A little while ago, I reviewed a low-budget filmed called Monsters, Marriage and Murder in Manchvegas. I didn’t care for it too much, but what did I expect, with a title like that? The makers of that gem offered, somewhat illogically, to send me a copy of their earlier work, Freaky Farley, a movie about a creepy Peeping Tom who gets mixed up with a spirited lass while chafing under the control of his domineering dad.
You don’t see many movies in which a Peeping Tom is sort of the good guy. Farley Wilder (writer-producer Matt Farley) is the weird guy in your neighborhood who spends his time walking in the woods or hiding in the bushes. Farley is sort of a poster child for arrested development, whereas his dad (Kevin McGee) is a bit of a hardass, and has been since his wife died. Farley’s dad is always getting on his case, as fathers are wont to do, but the elder Wilder essentially verbally and pyschologically abuses his kid for years and years, pushing Farley closer and closer to the brink of madness.
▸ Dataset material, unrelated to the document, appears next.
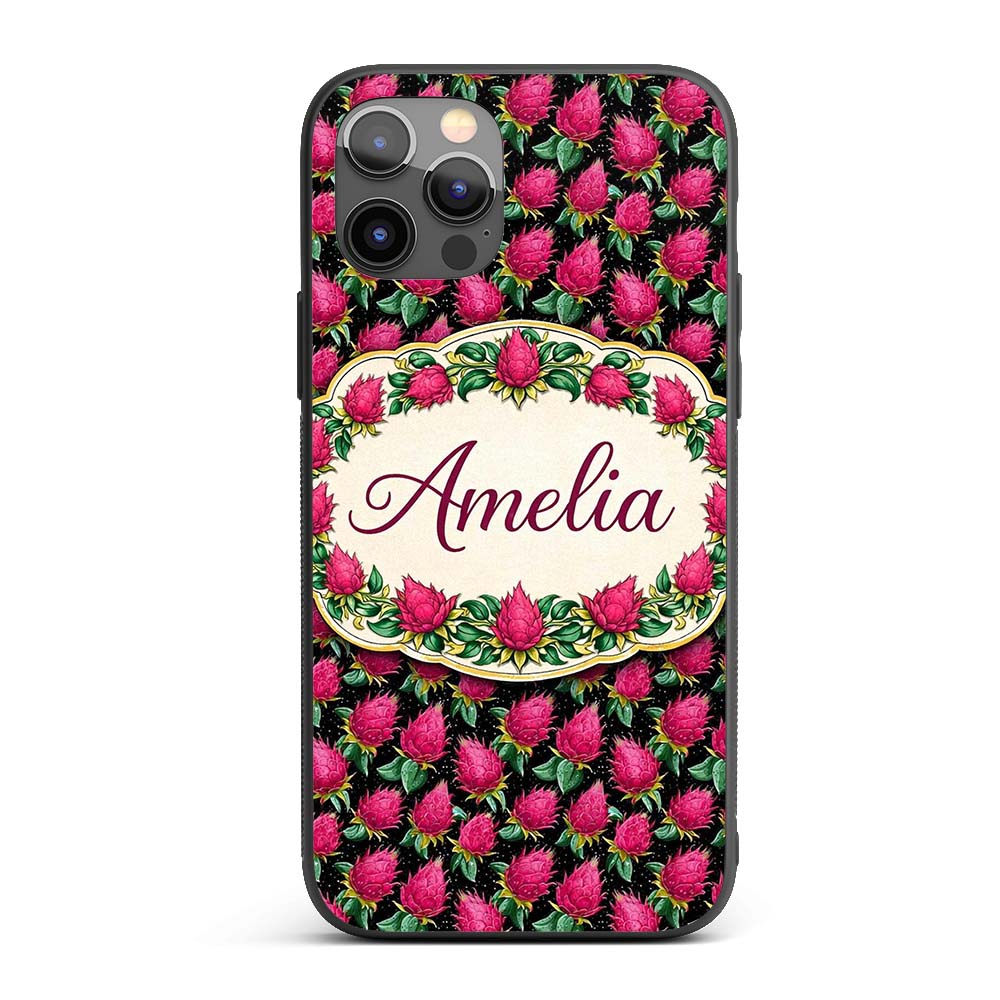 Dragon Fruit Pattern with Green Leaves on Dark Custom Name Protective Phone Case Mobile Cover Durable Everyday Smartphone Shock Resistant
Meanwhile, the young man is beset by two different young women: Katy, a younger girl next door (literally) who’s more annoying than interesting to Farley, and Scarlett (Sharon Scalzo), an independent muse who’s working on a book. No longer a complete loner, Farley begins keeping company with Scarlett, much to the chagrin of his father.
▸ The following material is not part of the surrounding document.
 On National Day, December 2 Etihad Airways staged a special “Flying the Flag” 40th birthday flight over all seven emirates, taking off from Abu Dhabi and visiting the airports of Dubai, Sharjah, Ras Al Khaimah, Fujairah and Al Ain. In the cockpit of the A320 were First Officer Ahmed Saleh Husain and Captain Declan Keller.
As with Monsters, Marriage and Murder in Manchvegas, the acting, script, direction, and photography are all pretty mediocre, but there are some bright spots. Okay, not many, but overall the acting was definitely better. In fact, leading man Farley is better here than in the later film, perhaps because he’s playing a psychotic Peeping Tom. But even better is Scalzo as the trippy Scarlett; unlike most others in the cast, she seems to believe in the silly dialog she’s given to speak. (Hey, selling the script is half of what acting is all about.) The thing is, it feels like there’s much more effort made here than in the more-recent film. After all, even if you’re given crap to work with, you can put a happy face on it and do your best. Sometimes a bounty of enthusiasm can make up for certain, shall we say, deficiencies.
You got to give props to a movie in which a character says something like “We’re sending him along to keep an eye on you” while pointing to his own eye. That, my friends, is serious thespianism right there.
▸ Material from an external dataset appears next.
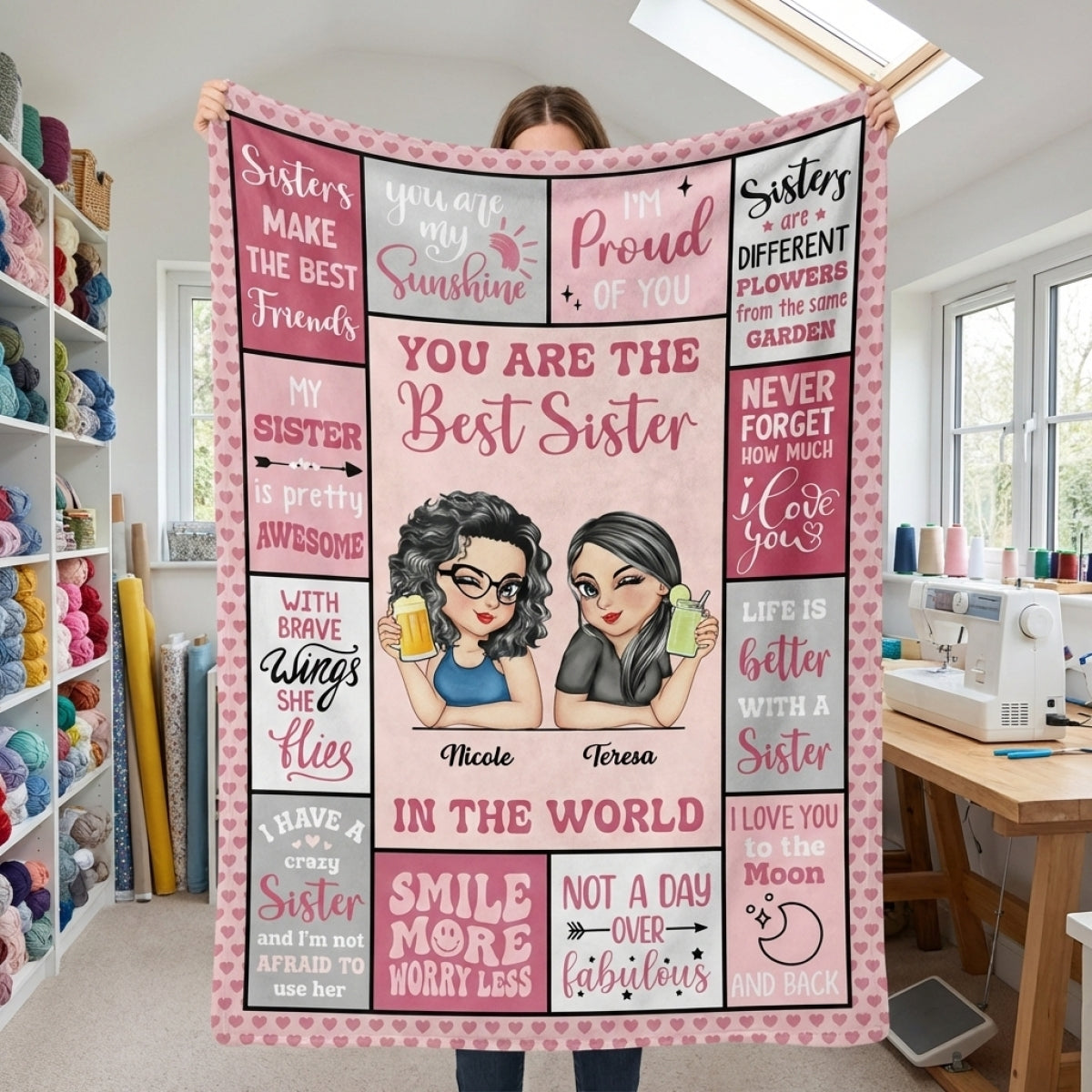 Personalized Sister Blanket: 'Best Sister In The World' Fleece Sherpa Gift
You also have to love a movie that lifts sound effects from the computer game Doom. At least it sounds a heck of a lot like it, and I’ve played a lot, lot, lot, lot of Doom in my time. (No more. Cold turkey. On the wagon now.)
Still and all, considering the low, low budget and inexperienced cast and crew, this isn’t nearly as horrible as it could have been. It helps a bit if you watch it ironically, as if the goings-on were a big joke to which only you were privy.